Whey protein concentrate containing active form of natural milk antibodies seems to be a safely used food supplement which has a potential to modulate autoimmune mediated inflammatory reactions in a subset of patients with RA. It is concluded that this pilot study encourages future randomized controlled clinical trial to scientifically test this hypothesis.

Competing interests

No sources of funding were used for this study. The whey protein product, "Bonyuno Chikara," used in this study was supplied by Asama Chemical Co. Ltd., Tokyo. Asama Chemical Co. Ltd., was involved in data collection and analysis, and the study design, but had no role in data interpretation, manuscript preparation, review, or the manuscript approval. Asama chemical Co. Ltd., owns the pending international patents for the use of natural milk antibodies, the main components of Bonyuno Chikara.

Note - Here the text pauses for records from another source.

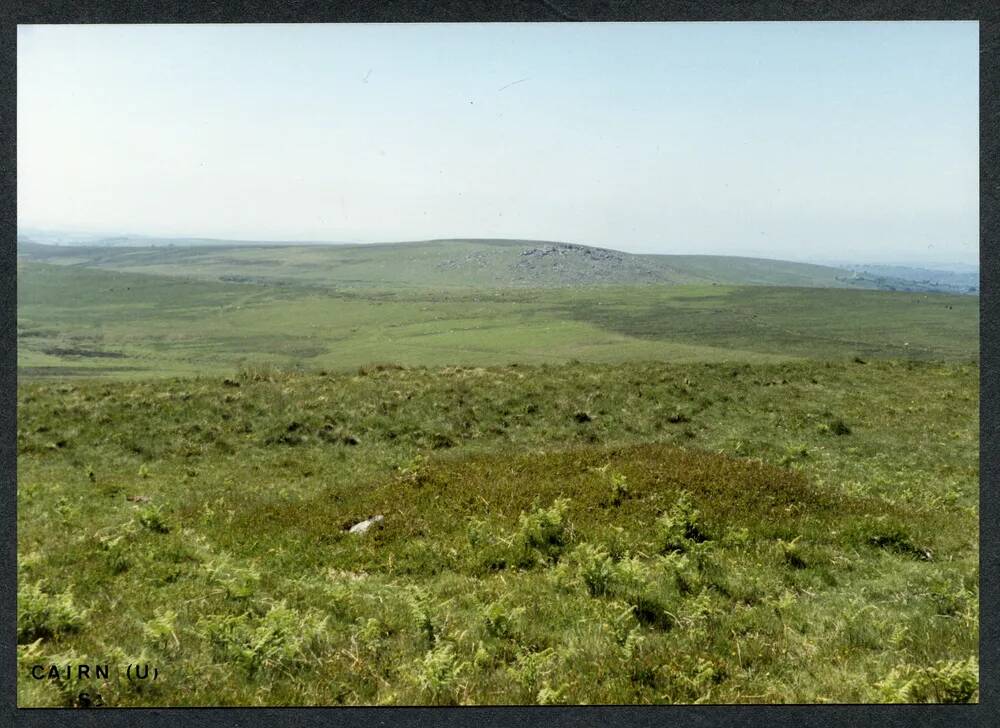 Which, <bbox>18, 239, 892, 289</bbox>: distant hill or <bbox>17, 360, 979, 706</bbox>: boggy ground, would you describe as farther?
<bbox>18, 239, 892, 289</bbox>: distant hill

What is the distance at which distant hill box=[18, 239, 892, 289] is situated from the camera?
1372 inches

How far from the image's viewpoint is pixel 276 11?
308 inches

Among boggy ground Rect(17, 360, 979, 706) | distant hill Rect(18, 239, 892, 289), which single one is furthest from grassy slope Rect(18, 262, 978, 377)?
boggy ground Rect(17, 360, 979, 706)

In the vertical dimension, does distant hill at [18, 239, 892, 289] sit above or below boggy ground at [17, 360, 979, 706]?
above

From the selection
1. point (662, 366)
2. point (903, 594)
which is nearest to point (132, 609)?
point (903, 594)

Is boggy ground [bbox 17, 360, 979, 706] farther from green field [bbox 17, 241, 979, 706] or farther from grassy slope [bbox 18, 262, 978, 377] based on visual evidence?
grassy slope [bbox 18, 262, 978, 377]

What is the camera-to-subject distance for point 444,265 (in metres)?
70.2

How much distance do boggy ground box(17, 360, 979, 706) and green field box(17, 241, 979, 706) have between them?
4 cm

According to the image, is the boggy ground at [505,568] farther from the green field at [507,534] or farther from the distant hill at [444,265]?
the distant hill at [444,265]

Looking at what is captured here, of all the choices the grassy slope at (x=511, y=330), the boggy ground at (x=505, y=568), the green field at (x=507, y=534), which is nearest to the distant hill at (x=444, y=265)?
the grassy slope at (x=511, y=330)

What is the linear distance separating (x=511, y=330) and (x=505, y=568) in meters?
29.9

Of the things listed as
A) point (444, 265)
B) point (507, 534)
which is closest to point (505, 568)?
point (507, 534)

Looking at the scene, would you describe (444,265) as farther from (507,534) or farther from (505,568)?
(505,568)

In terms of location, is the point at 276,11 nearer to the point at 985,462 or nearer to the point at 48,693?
the point at 48,693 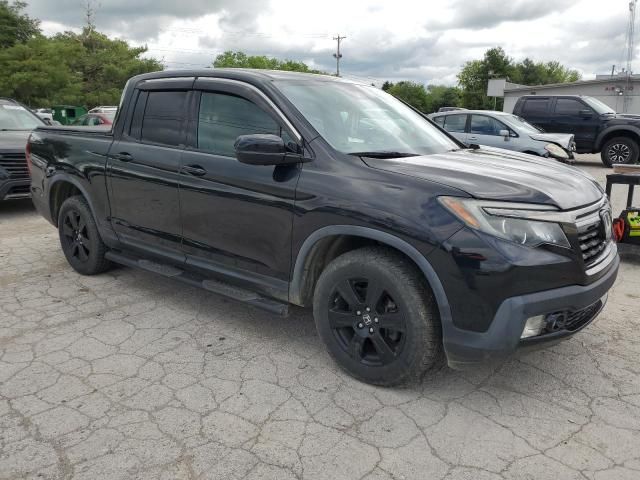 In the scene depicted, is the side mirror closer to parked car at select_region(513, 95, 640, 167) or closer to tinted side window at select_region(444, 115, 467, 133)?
tinted side window at select_region(444, 115, 467, 133)

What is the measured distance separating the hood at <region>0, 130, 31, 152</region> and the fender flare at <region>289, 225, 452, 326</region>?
6.14m

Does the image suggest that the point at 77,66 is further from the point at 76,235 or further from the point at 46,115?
the point at 76,235

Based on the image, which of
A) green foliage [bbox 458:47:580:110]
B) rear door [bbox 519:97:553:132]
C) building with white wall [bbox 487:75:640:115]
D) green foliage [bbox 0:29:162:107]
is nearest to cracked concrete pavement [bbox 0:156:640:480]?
rear door [bbox 519:97:553:132]

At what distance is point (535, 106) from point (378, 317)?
1390cm

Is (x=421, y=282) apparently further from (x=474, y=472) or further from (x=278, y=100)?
(x=278, y=100)

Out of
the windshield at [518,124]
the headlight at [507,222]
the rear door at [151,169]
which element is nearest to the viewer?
the headlight at [507,222]

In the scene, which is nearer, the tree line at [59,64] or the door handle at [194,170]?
the door handle at [194,170]

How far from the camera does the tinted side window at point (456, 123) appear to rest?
1154 centimetres

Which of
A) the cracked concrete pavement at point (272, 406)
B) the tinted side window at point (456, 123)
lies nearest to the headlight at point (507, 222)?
the cracked concrete pavement at point (272, 406)

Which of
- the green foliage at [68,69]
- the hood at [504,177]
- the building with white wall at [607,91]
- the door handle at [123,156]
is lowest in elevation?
the hood at [504,177]

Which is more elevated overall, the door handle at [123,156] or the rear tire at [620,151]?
the door handle at [123,156]

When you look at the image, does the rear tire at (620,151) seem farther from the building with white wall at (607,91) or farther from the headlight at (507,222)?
the building with white wall at (607,91)

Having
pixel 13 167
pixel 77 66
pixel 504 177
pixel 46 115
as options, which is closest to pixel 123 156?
pixel 504 177

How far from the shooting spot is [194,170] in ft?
11.8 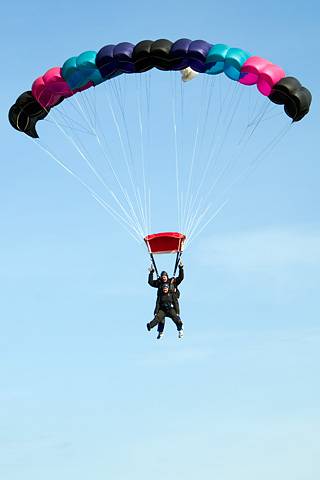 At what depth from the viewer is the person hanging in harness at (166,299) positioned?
36.0 metres

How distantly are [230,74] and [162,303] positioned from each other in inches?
226

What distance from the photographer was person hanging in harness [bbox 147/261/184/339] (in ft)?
118

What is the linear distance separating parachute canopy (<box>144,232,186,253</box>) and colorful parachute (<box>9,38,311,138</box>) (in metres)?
3.98

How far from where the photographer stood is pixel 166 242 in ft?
120

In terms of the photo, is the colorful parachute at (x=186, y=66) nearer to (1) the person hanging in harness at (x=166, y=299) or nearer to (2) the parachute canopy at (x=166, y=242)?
(2) the parachute canopy at (x=166, y=242)

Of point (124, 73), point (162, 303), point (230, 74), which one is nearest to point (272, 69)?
point (230, 74)

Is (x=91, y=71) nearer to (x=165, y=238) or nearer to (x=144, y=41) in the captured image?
(x=144, y=41)

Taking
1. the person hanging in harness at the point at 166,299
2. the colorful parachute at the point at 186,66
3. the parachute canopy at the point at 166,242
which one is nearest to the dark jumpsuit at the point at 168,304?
the person hanging in harness at the point at 166,299

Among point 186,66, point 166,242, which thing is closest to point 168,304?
point 166,242

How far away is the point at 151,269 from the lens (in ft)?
119

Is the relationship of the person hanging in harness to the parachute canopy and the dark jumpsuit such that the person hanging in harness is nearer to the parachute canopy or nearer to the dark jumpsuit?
the dark jumpsuit

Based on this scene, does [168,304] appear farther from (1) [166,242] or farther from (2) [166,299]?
(1) [166,242]

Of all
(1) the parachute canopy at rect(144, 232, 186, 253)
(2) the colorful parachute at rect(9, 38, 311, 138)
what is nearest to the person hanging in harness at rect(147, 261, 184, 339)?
(1) the parachute canopy at rect(144, 232, 186, 253)

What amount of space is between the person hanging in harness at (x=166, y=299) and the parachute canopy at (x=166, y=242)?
1.65 ft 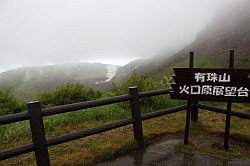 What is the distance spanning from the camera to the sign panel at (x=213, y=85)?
608 centimetres

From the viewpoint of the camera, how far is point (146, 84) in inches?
478

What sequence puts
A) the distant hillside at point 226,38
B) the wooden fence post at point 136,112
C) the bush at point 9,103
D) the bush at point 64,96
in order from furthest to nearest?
the distant hillside at point 226,38 → the bush at point 64,96 → the bush at point 9,103 → the wooden fence post at point 136,112

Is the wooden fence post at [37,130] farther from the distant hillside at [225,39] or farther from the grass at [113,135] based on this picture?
the distant hillside at [225,39]

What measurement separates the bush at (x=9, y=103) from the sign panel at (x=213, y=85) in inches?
377

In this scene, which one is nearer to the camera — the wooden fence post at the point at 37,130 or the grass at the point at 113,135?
the wooden fence post at the point at 37,130

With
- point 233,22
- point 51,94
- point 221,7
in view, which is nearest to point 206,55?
point 233,22

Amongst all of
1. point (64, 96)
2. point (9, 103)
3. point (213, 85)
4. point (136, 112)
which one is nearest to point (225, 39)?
point (64, 96)

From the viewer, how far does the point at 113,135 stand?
7.89 meters

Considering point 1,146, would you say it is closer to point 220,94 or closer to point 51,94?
point 220,94

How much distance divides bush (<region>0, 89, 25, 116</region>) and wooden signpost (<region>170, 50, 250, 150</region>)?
378 inches

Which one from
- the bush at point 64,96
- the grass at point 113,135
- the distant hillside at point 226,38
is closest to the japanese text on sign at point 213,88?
the grass at point 113,135

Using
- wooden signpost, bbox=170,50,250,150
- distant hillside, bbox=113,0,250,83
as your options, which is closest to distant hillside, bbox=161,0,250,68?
distant hillside, bbox=113,0,250,83

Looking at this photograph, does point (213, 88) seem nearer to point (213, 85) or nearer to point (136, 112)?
point (213, 85)

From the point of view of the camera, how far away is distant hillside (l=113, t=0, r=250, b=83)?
2395 inches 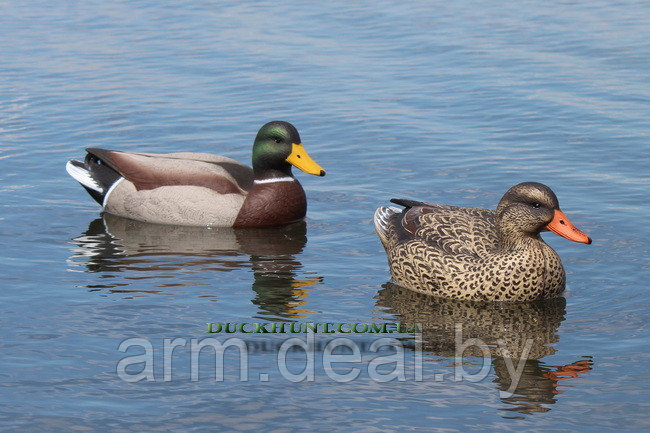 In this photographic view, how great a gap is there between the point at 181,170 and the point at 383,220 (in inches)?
105

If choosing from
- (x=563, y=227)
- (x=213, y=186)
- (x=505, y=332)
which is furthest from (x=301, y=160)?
(x=505, y=332)

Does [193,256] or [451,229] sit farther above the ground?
[451,229]

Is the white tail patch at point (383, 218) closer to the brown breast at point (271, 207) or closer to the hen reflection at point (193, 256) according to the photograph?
the hen reflection at point (193, 256)

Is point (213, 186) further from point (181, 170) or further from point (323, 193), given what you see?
point (323, 193)

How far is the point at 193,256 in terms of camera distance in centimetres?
1188

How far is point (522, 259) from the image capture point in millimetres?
10258

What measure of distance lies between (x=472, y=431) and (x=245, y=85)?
10554 mm

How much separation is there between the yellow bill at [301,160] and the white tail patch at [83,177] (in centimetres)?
211

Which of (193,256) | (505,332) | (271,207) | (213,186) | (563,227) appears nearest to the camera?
(505,332)

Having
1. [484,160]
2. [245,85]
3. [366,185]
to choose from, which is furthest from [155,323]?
[245,85]

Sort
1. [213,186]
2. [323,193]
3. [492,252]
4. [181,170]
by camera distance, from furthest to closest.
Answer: [323,193], [181,170], [213,186], [492,252]

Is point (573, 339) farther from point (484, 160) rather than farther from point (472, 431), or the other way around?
point (484, 160)

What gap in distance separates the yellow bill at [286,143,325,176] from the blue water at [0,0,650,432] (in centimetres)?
50

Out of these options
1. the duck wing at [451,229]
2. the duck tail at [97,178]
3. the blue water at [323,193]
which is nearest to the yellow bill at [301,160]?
the blue water at [323,193]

HS has served as a consultant for Asama Chemical Co. Ltd., received his salary, and initiated the series of studies on bioactive natural antibodies contained in milk, which was used for this trial. KK, KT and TW are independent, but have been collaborating with HS on the possible contribution of gastrointestinal disorders, which may be linked to overgrowth of pathogenic bacteria and their toxins, particularly LPS, in the pathogenesis of RA. TM is a collaborator with KK in clinical field for many years, but has no relation with neither Asama chemical nor KT, TW and HS.

Authors' contributions

KK and TM designed and conducted the clinical study, collected and interpreted data, and wrote this report. KT and HS created and rationalized the basic concept of this study, contributed in the designing of this trial, interpreted the data, and wrote this report. TW analyzed and finalized the data for publication. The corresponding author had full access to all the data and final responsibility for the decision to submit the report for publication. All authors read and approved the final manuscript.

Acknowledgements

The authors would like to thank Dr. Yrjö T. Konttinen, Professor of Medicine, Institute of Clinical Medicine, University of Helsinki, for reading the manuscript and providing valuable advice. We also acknowledge the patients and nurses who participated in all studies.